## PROVIDED DATA
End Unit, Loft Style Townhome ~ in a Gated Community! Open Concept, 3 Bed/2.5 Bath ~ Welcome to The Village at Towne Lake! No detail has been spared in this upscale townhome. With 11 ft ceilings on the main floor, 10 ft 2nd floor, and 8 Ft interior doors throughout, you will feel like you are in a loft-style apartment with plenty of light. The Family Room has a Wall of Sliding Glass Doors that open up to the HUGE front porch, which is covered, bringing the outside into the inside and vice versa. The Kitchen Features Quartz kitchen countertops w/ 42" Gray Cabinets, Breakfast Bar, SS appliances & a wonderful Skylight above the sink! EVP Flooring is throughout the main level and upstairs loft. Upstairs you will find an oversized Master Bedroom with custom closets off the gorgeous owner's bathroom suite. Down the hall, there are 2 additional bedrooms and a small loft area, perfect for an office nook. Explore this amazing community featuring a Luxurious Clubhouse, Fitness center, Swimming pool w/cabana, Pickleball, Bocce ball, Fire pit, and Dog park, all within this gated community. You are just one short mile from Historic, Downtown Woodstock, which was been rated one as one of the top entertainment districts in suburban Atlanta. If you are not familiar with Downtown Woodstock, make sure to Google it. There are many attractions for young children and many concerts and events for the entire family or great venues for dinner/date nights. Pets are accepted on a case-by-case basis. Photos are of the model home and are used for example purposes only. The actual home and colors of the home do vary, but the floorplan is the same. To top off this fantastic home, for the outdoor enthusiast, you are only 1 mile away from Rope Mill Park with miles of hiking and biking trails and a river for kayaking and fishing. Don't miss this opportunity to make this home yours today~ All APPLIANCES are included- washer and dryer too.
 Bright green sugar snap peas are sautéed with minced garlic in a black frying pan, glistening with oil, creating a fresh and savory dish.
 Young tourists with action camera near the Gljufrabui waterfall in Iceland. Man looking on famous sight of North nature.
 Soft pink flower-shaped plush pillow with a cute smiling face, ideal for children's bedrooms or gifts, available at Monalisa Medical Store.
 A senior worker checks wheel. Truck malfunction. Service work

## WHAT YOU WILL DO
Lines from the one containing "Soft pink flower-shaped" to the end of the data are to be printed exactly, including the first and last.

## RESPONSE TO THE EXERCISE
 Soft pink flower-shaped plush pillow with a cute smiling face, ideal for children's bedrooms or gifts, available at Monalisa Medical Store.
 A senior worker checks wheel. Truck malfunction. Service work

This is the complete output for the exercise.